AVAILABLE DATA –
>>>>

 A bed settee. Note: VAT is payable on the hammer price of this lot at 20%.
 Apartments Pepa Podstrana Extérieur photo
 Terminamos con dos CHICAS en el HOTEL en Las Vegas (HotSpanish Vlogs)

<<<<
>>>>

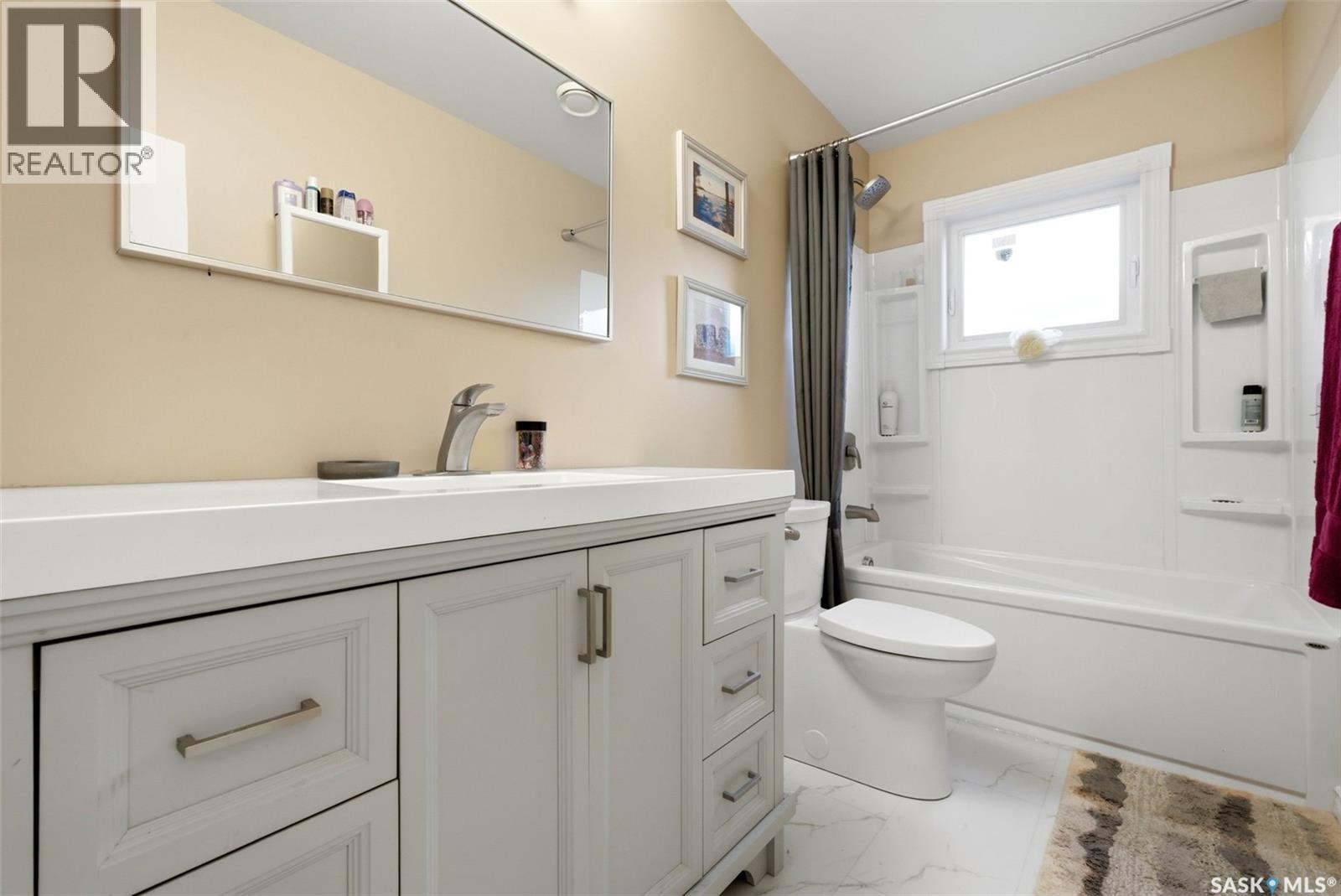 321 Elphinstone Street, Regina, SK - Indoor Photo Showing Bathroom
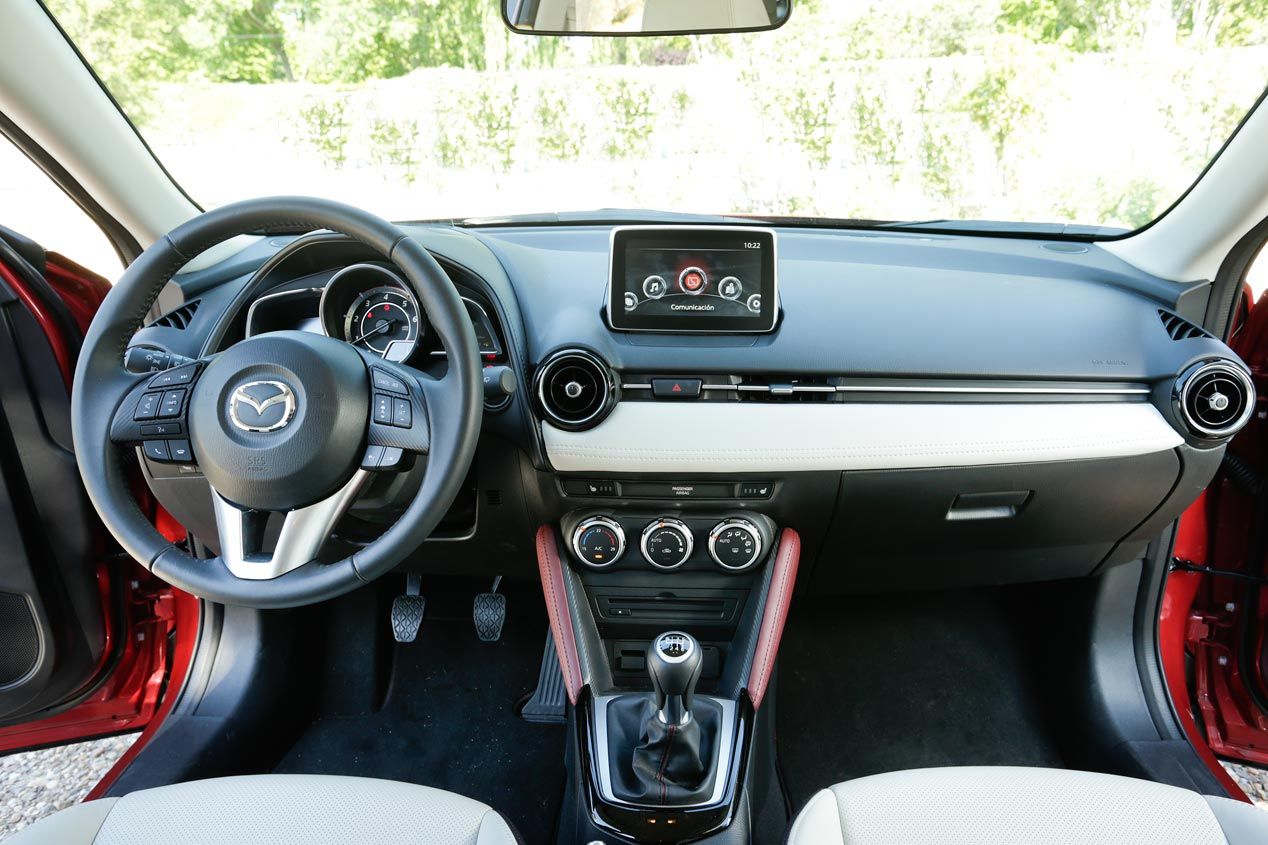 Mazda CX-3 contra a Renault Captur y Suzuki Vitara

<<<<

WHAT YOU SHOULD DO – Taking the listing above as the source, transcribe only the lines starting at the line with "A bed settee." and going through the line with "Terminamos con dos", unaltered and with both ends included.

YOUR SOLUTION –
 A bed settee. Note: VAT is payable on the hammer price of this lot at 20%.
 Apartments Pepa Podstrana Extérieur photo
 Terminamos con dos CHICAS en el HOTEL en Las Vegas (HotSpanish Vlogs)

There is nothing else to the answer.